▶ _Task statement_:
Drop the pictures from the entries below, then reproduce the rest exactly.

▶ _Web page caption snippets_:
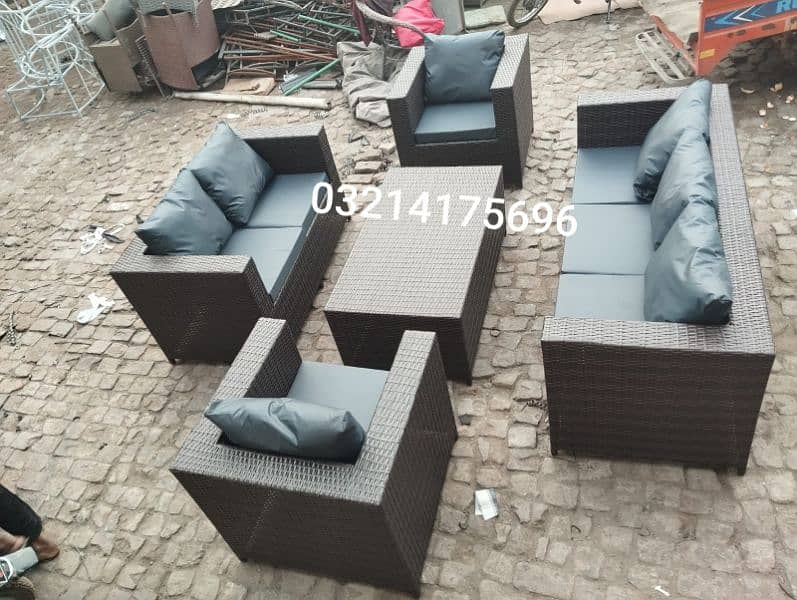 OUTDOOR GARDEN RATTAN UPVC FURNITURE SOFA SET CHAIRS TABLE UMBRELLA 1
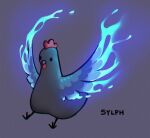  animal bird blue_fire chicken fire full_body grey_background neytirix no_humans original solo sylph wings 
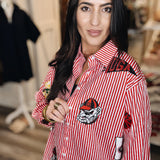 Queen Of Sparkles | UGA Mini Icon Striped Button Down - Final Sale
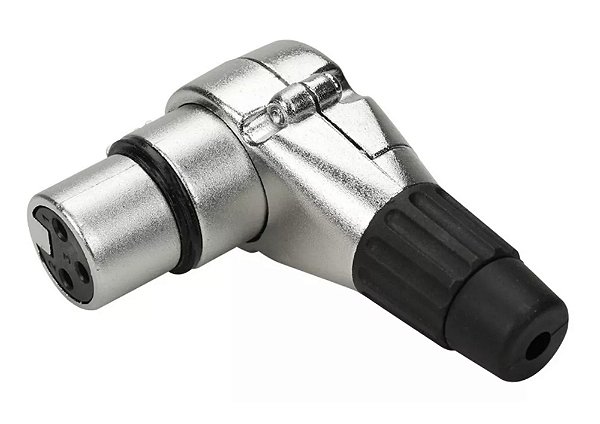 PLUG CANON/XLR FEMEA 90 graus PRATA 3 VIAS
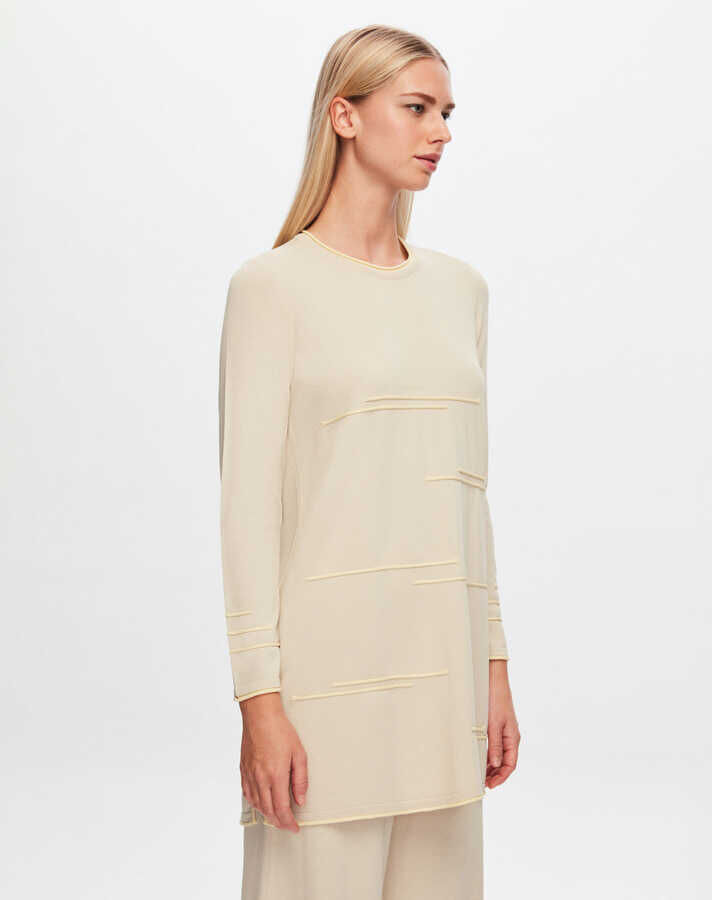 T24Y-6019 Önü Örgü Teknikli Triko Tunik 1245-STONE / 1345-VANİLYA - 3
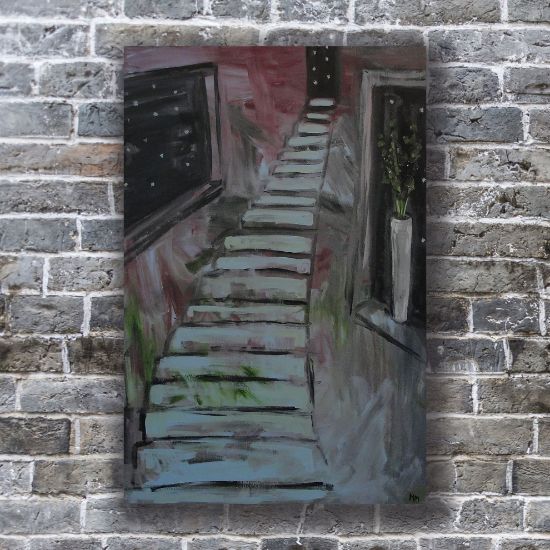 Picture of Original Acrylic Painting, Print on Canvas, 'Stairs to the Stars', 24" x 36" x .75"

▶ _Solution to the exercise_:
 OUTDOOR GARDEN RATTAN UPVC FURNITURE SOFA SET CHAIRS TABLE UMBRELLA 1
  animal bird blue_fire chicken fire full_body grey_background neytirix no_humans original solo sylph wings 
 Queen Of Sparkles | UGA Mini Icon Striped Button Down - Final Sale
 PLUG CANON/XLR FEMEA 90 graus PRATA 3 VIAS
 T24Y-6019 Önü Örgü Teknikli Triko Tunik 1245-STONE / 1345-VANİLYA - 3
 Picture of Original Acrylic Painting, Print on Canvas, 'Stairs to the Stars', 24" x 36" x .75"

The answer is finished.